There is the other half of the dog and that is the GSD ancestry. After all, the Czech Poracni Straze GSD working dog line was used as the foundation for the CSV breed. The real question is whether the infusion of wolf genes has contributed anything to the vitality (in refreshing it) of the GSD. With Kavik, it will eventually become apparent how much the GSD will bring out his ability both as a pet and working dog.


----------



## NormanF (Apr 14, 2013)

carmspack said:


> Czechoslovakian Wolfdog, breed history and standard
> 
> this is a good site Training Czechoslovakian Wolfdogs - Rak?a - ?eskoslovenský vl?ák
> 
> for Norman's information it was not a one time cross . that is not how a breed is made . There were more than one wolf crosses , which were then in bred on so that the appearance and features are persistent each generation.


That was true for some years but now it breeds true and wolf crosses aren't used any more. All in all in appearance and build, its a strikingly beautiful dog in its own right.


----------



## NormanF (Apr 14, 2013)

carmspack said:


> My Czech training friend who managed them at PS said that they did have strong pack drive and went "mental" if left alone. If put with other canines , you had a next to useless DOG because the "wolf-dog" became too doggy oriented , in a psych make-up that was already poor for obedience - great for instinct - . They bonded with one person . Common experience was people would become disinterested when the novelty wore off , or when the challenges were too great , this breed could not be rehomed and so the poor creatures' option remaining was to be put to sleep.
> 
> 
> and then there is the Dutch version , which failed and the Italian version Lupo Italiano Lupo Italiano



Like with GSDs (remember the GSD is part of the dog, too!) it does not fare well alone! This is not a dog meant to be tied up to a tree or banished to a kennel. Its happiest being with its owner and human family. This dog needs to be included in every day life and being exposed to a variety of surroundings. Its unfailingly loyal and devoted to its owner and family. You're correct, the Czech Vlcak, Saarlos Wolfdog and Lupo Italiano are only for special people who can truly appreciate what rhese dogs have to offer!

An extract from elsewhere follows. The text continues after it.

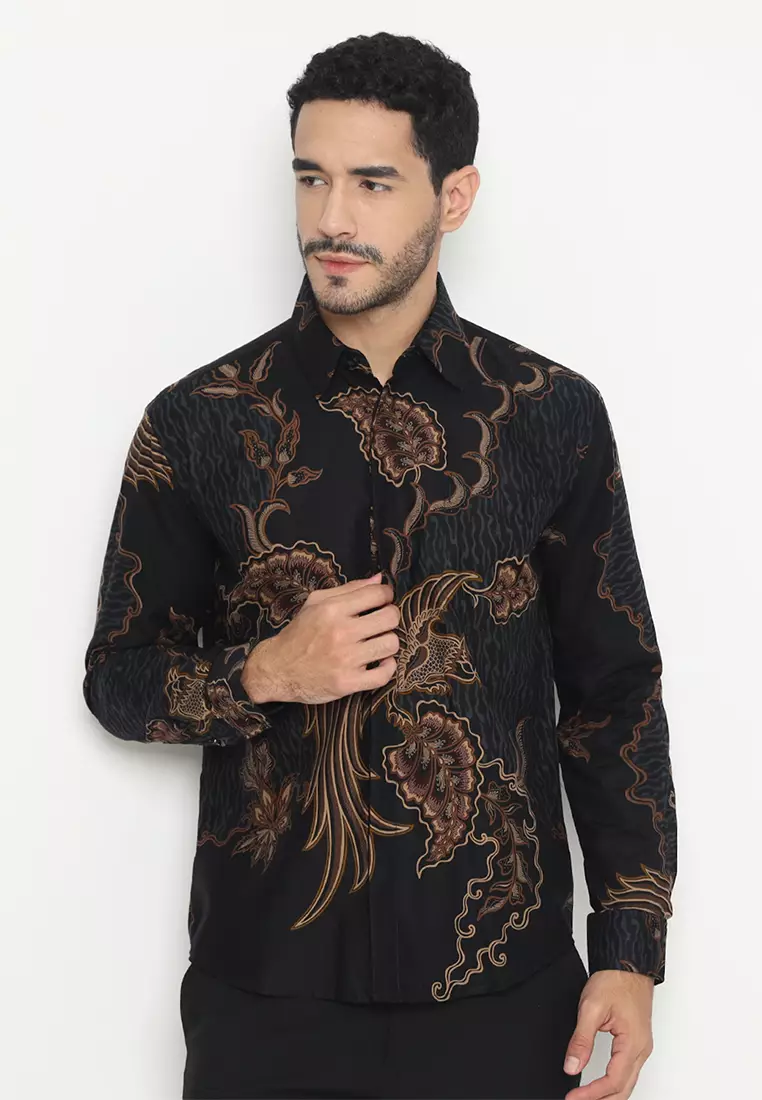 Kemeja Batik Pria Slimfit Hanyokrokusumo - Black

They are not for every one.


----------



## Catu (Sep 6, 2007)

carmspack said:


> this is a good site Training Czechoslovakian Wolfdogs - Rak?a - ?eskoslovenský vl?ák


Yep.The source is the same site I posted earlier.


----------



## Merciel (Apr 25, 2013)

Thank you for the clarification. I think I knew that at the beginning of the thread, but, well, after this many pages it's useful to have the reminder of the original purpose and plan. 



Catu said:


> As a SAR handler I'd question the working ability of Huskies and Malamutes too, and they are great pets and excellent in their own venues.


This made me smile a bit. I recently read Susannah Charleson's "Scent of the Missing," in which one of the profiled SAR teams has an excellent working husky -- and the handler gets teased _constantly_, including by other SAR people, about having such an "unsuitable" breed.

I guess you might already have known that (and maybe that was the point of the comparison), but I didn't. Before reading that book, I always figured huskies would be somewhere down at the bottom with English bulldogs and pugs as unsuitable working partners. Learned something new!


----------



## carmspack (Feb 2, 2011)

sorry Catu -- guess I really like the site ! lol.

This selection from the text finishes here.